17. The Medical report produced at the Trial Court in Kitui CMCC No. 355 of 2012 had no mention of difficulty in walking or lifting heavy objects and was not prepared by a Dr. Kamulu but by Dr. Judith Kamuyu who stated that the Applicant has ‘‘suffered soft tissue injuries and had satisfactorily recovered.’’
18. It is clear as day therefore that there was no error of fact on the face of the record at all to warrant a review. I do not find any sufficient reason advanced by the Applicant to invoke my revisionary powers. The Applicant may be aggrieved by the finding of this court and he has every right to feel that way but the avenue to address any grievance regarding the finding of this court is through an appeal. This is because this court rendered itself fully on what the Applicant raised in his grounds of appeal which hinged on the trial court’s finding on what was adduced and proved during trial.

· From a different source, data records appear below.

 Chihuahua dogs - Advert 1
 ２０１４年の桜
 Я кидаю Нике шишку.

This court re-evaluated the evidence tendered and perused through the pleadings of the Applicant and this court found that the trial court was correct in its findings. What was specifically pleaded was not in tandem with what was adduced and proved at the trial. That was it. This court specifically pointed out that the Applicant ought to have resorted to amending his pleadings if he realized that there was some inconsistency like he did when he realized that the motorcycle described in his plaint was not the one he was riding in. The basis for that is that a party is bound by his pleading as clearly provided under Order 2 Rules 3 and 4 of the Civil Procedure Rule. This is further illustrated in the case of DARE VS PULHAM [1982] 148, C.L.R. 658 where a High Court in Australia described the purpose of pleadings as follows:-
‘‘Pleadings and particulars have a number of functions; they furnish a statement of the case sufficiently clear to allow the other party a fair opportunity, they define the issues for decision in the litigation and thereby enable the relevance and admissibility of evidence to be determined at the trial and they give a defendant an understanding of a Plaintiff’s claim in aid of the defendant’s right to make a payment into court…’’

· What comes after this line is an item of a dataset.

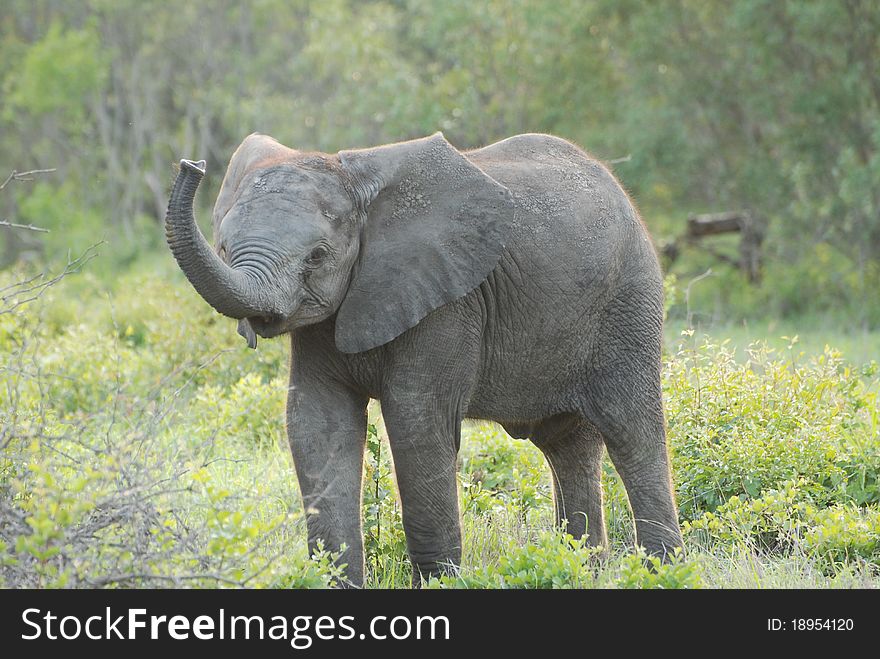 A baby elephant showing off. A baby elephant showing off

19. This court finds that there is no discovery of any new evidence. The medical evidence on Page 85 of the Record of Appeal was duly considered by this court. There is no sufficient cause demonstrated for review.

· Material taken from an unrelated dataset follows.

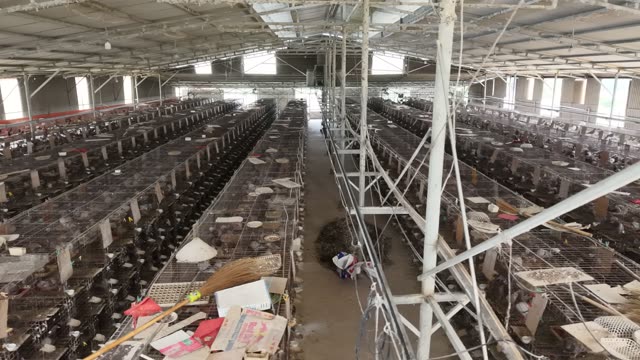 Wide View Of Pigeon Cages — Shot 2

20. From the foregoing, it is evident that this court fully rendered itself on the issues posed by the appeal placed before me. I am not persuaded that there is an error apparent on the face of the record. If there is any error then maybe the Applicant can only grief that there was an error of judgment rather than an error on the face of the record and where a party feels there is an error of judgment he can only appeal because once a court has rendered itself fully on a given issue or subject that has been adjudicated upon it becomes functus officio.
In the premises, this court finds no merit in the Notice of Motion dated 3rd May 2020. The same is dismissed with costs to the Respondent.
DATED, SIGNED, AND DELIVERED AT KITUI THIS 18TH DAY OF OCTOBER 2021.